13. Supreme happiness is the development of reason i.e. contemplation/ being a philosopher.

D. Politics.

1. Political Science is the controlling science in ethics.

2. In order to live the proper moral life you need to do so in an orderly society, ("Man is a political animal.")

3. The state exists to keep law and order, and to make the best life possible.

4. Ethics was a combination of oligarchy and democracy which he called POLITY, (This too was a mean between tyranny and democracy.

E. Logic

Logic has to be with words and language.

2. Aristotle did not consider it a science, but a tool to establish proof.

3. We organism our thoughts into declarative sentences a.k.a. Categorical Propositions.

4. An argument composed of such sentences is called a SYLLOGISM.

5. Arguments are statements designed to persuade.

    A. Major Premise: All men are mortal

    B. Minor Premise: Socrates is a man.

    C. Conclusion: Therefore Socrates is mortal.

6. Deductive Argument: The conclusion follows from the premises of necessity. It also reasons from the general to at the particular.

7. Inductive Argument: The conclusion follows from the premises with high degree of probability. Also it reasons from the particular to the general/

8. In a valid argument the conclusion follows the premises.

9. In order for an argument to be sound the premises must be true as well as the conclusion valid.

F. Fallacies-- Arguments which appear sound but are not.

1. They appeal to us by short-circuiting our reasoning powers and appealing to our emotions.

2. AMBIGUITY: Unclear statement.

A. Amphiboly: Faulty sentence structure.

B. Accent: Confusion in emphasis.

C. Equivocation: Using a word with two or more meanings  but acting like they were the same.

3. PRESUMPTION.

A. Sweeping Generalization: What is true under some conditions is true under all conditions.

B. Hasty Generalization: A single incident is treated as if it were the norm.

C. Bifurcation: Either or, no other alternative.

D. Begging the Question: Arguing in a circle.

E. Complex Question: (not in the book) a form of question begging, assumes the answer in the question.

F. False Analogy: Only a slight similarity.

G. False Cause: After this therefore because of this.

5. Relevance.

A. Genetic Fallacy: He was born that way.

B. Ad Hominem: Attack the person.

C. Tu Quoque: "You're another one."

Well Poisoning: Attacking source or the general background.

5. Some fallacies not in the book.

A. Guilt by Association: "A man is know by the company he keep."

B. Slippery Slope: Where will this lead?

C. Time Sequence: When did a person say or write that.

VI PHILOSOPHY AFTER ARISTOTLE.

A. In the Hellenstic Period (after 323 B.C.) philosophy turned to questions of personal contentnebt.

B. EPICUREANISH

1. The name came from Epicurus (340-270).

2. He denied the gods and immortality, this people free to enjoy themselves.

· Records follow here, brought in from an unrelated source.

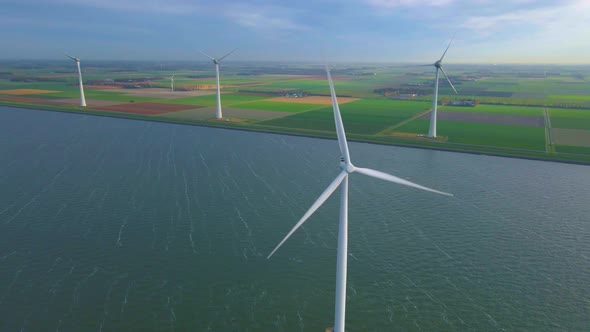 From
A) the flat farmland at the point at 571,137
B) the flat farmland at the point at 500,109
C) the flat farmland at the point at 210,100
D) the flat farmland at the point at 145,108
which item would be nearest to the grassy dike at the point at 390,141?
the flat farmland at the point at 145,108

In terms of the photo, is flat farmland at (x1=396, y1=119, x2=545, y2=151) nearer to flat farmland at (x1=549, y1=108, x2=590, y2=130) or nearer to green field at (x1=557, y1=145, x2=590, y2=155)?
green field at (x1=557, y1=145, x2=590, y2=155)

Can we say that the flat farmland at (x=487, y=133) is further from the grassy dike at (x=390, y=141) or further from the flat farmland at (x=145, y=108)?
the flat farmland at (x=145, y=108)

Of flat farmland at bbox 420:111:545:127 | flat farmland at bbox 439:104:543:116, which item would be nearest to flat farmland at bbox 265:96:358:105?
flat farmland at bbox 439:104:543:116

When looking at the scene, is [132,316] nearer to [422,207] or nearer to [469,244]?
[469,244]

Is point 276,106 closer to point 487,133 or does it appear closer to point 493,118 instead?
point 493,118

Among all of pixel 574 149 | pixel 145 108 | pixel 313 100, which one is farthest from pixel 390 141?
pixel 145 108

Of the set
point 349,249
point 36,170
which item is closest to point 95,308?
point 349,249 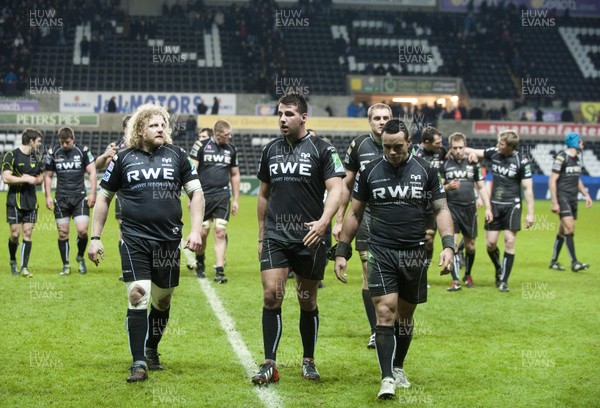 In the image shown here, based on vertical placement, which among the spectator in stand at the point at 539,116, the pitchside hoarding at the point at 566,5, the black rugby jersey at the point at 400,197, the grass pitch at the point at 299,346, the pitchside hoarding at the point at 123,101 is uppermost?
the pitchside hoarding at the point at 566,5

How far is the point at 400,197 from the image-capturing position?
724 cm

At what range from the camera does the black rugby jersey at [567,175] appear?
15.7m

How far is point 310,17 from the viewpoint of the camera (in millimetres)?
51406

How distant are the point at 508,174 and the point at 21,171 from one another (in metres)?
7.48

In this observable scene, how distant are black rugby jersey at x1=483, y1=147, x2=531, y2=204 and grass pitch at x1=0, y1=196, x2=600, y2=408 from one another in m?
1.43

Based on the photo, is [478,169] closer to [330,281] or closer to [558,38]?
[330,281]

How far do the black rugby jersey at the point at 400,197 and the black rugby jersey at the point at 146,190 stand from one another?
1696mm

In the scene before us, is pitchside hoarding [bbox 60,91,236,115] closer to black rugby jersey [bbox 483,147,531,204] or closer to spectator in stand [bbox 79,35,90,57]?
spectator in stand [bbox 79,35,90,57]

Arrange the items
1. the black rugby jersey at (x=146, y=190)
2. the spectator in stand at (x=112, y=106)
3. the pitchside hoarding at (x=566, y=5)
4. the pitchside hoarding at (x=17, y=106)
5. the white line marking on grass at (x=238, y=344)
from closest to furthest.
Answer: the white line marking on grass at (x=238, y=344) → the black rugby jersey at (x=146, y=190) → the pitchside hoarding at (x=17, y=106) → the spectator in stand at (x=112, y=106) → the pitchside hoarding at (x=566, y=5)

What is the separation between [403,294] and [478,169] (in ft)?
22.0

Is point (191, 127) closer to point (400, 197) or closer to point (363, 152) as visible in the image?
point (363, 152)

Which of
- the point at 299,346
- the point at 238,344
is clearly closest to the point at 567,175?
the point at 299,346

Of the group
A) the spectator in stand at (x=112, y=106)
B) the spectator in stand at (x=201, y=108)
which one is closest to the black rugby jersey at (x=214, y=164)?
the spectator in stand at (x=112, y=106)

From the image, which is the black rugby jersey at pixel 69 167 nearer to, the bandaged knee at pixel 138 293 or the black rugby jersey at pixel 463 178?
the black rugby jersey at pixel 463 178
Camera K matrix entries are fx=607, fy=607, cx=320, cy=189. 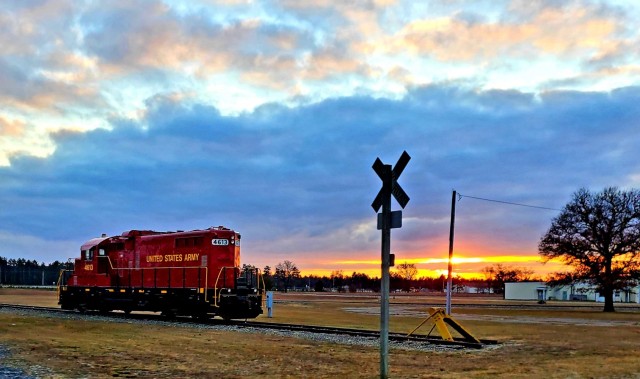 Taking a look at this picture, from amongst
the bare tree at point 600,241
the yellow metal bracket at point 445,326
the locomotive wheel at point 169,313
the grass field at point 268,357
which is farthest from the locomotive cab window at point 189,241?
the bare tree at point 600,241

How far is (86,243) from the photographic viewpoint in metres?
38.5

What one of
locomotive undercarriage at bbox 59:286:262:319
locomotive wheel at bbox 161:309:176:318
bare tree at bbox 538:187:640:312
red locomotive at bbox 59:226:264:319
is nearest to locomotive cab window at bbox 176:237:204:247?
red locomotive at bbox 59:226:264:319

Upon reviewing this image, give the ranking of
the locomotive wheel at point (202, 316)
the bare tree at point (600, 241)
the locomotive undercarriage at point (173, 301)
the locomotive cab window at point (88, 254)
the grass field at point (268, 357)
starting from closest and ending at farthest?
1. the grass field at point (268, 357)
2. the locomotive undercarriage at point (173, 301)
3. the locomotive wheel at point (202, 316)
4. the locomotive cab window at point (88, 254)
5. the bare tree at point (600, 241)

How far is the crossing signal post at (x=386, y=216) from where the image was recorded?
11805mm

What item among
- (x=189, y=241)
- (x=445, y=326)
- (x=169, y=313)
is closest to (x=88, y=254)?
(x=169, y=313)

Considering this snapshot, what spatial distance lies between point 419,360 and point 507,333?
12.5 metres

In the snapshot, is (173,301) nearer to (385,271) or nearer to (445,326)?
(445,326)

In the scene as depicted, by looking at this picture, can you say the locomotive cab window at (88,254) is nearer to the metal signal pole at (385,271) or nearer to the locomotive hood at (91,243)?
the locomotive hood at (91,243)

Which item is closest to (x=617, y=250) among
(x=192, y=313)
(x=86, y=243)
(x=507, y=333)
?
(x=507, y=333)

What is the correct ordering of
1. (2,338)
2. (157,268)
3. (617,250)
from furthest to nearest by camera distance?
(617,250)
(157,268)
(2,338)

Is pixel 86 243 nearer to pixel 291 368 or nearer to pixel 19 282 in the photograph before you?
pixel 291 368

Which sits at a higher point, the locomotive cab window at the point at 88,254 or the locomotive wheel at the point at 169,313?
the locomotive cab window at the point at 88,254

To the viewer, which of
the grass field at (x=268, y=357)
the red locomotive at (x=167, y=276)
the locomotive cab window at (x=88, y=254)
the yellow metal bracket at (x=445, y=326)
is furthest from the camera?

3. The secret of contentment was to be found in a life of moderate self-indulgence.

4. This has been summed up as the "intelligent pursuit of pleasure>'

C. Stoicism.

a. The founder of this philosopy was Zeno (350-258).

2. The name came from a porch (stoa) where he taught.

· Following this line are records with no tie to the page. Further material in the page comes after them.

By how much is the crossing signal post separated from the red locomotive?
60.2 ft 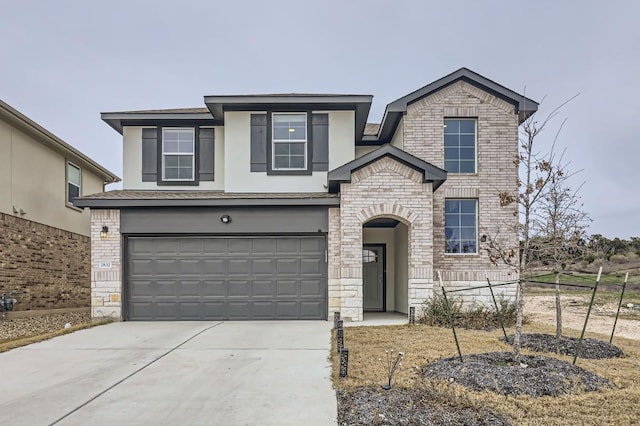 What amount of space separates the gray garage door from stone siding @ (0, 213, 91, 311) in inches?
143

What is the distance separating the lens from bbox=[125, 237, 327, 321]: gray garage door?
12.5 meters

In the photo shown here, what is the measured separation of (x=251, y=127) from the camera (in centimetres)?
1422

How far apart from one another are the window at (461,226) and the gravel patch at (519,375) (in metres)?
6.61

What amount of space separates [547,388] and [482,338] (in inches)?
146

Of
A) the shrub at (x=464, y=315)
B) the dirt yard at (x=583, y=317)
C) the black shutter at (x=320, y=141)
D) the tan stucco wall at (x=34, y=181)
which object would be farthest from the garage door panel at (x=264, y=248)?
the dirt yard at (x=583, y=317)

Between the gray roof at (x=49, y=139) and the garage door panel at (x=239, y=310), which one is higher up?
the gray roof at (x=49, y=139)

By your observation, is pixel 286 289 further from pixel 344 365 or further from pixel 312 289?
pixel 344 365

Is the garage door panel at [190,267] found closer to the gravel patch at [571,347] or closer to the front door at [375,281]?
the front door at [375,281]

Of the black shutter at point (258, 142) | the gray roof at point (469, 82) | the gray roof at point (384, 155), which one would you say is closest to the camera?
the gray roof at point (384, 155)

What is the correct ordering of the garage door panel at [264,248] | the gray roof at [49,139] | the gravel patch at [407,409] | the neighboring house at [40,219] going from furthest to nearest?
the neighboring house at [40,219] → the gray roof at [49,139] → the garage door panel at [264,248] → the gravel patch at [407,409]

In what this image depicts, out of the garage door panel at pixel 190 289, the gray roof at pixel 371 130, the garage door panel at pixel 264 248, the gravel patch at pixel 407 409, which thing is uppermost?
the gray roof at pixel 371 130

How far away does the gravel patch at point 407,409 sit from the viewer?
16.0 ft

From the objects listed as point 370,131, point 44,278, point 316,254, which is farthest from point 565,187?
point 44,278

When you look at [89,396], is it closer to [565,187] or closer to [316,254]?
[316,254] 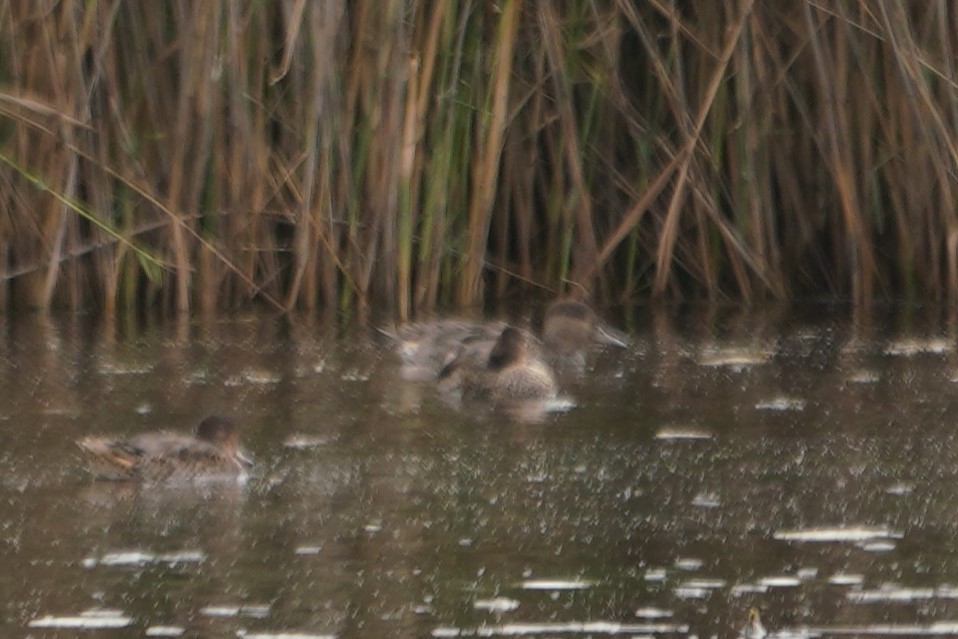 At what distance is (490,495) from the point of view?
7141 millimetres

3. He taught divine Providence ruled the universe and people should live in harmony with it and to their duty.

4. Contenment (the good life) is to be achiveed by the mastery of the passions through reason.

D. Skepticism.

1. This school was founded by Pyrrho (360-270) who wrote nothing.

2. Most of what is known of this philosophy comes from Sextus Empircus (c.200 A.D.)

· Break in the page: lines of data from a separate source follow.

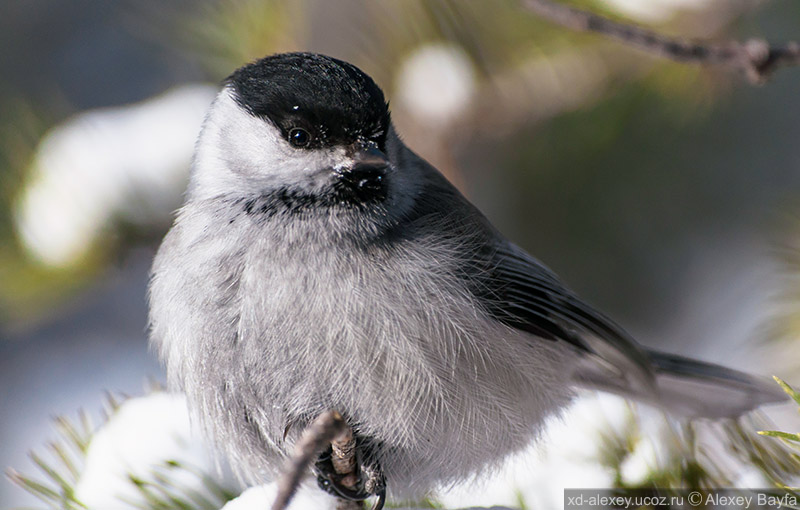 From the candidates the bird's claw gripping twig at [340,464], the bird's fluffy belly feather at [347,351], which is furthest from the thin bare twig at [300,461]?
the bird's fluffy belly feather at [347,351]

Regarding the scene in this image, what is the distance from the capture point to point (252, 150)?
1433 mm

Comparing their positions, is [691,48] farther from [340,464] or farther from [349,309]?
[340,464]

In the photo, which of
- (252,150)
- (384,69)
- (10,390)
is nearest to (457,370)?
(252,150)

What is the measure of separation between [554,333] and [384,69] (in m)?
0.87

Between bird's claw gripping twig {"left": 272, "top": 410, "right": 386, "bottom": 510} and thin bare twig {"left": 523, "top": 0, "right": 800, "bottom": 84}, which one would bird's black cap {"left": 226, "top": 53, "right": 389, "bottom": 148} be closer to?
thin bare twig {"left": 523, "top": 0, "right": 800, "bottom": 84}

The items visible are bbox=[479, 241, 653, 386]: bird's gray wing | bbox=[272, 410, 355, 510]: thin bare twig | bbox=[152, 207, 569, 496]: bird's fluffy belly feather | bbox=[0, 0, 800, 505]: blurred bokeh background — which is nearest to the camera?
bbox=[272, 410, 355, 510]: thin bare twig

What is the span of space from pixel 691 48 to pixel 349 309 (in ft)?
2.69

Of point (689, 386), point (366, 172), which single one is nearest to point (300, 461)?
point (366, 172)

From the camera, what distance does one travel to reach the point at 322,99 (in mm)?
1312

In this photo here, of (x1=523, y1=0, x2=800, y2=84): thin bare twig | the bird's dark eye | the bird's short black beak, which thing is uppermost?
(x1=523, y1=0, x2=800, y2=84): thin bare twig

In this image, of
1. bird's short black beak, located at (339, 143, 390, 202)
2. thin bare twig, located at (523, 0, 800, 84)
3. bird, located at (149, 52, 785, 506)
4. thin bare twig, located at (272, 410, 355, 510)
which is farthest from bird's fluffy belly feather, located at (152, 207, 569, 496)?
thin bare twig, located at (523, 0, 800, 84)

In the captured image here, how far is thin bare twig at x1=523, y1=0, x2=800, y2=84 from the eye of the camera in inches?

3. The skeptics said it was impossible to achive real knowledge (you can't know anything for sure).

4. Therefore contentment is found in suspending jugement on all controversal questions.

E. Cynicism.

1. The name was drawn from kynos, the Greek word for dog.

2. They traced their orgins to Antisthenes (450-366).

3. The best known cycnis rejected all rules and all values of socciety and sought instead to live in harmony with nature.

5. This meant living like dogs, scaanengering for food, and eliminating in public.

F. Neo-Platonism.

1. The last major scchool of pagen philosophy.

2. It began with Plotinus (205-270 A.D.).

3. Neo-platonism talked of "The One" who was the intelligence behind the intelligible world.

4. The purpose of life and philosophy was to achive unity with "The One."

5. Some see this as a challenge to Christianity, but for others it opened the way to acceptance of Christianity.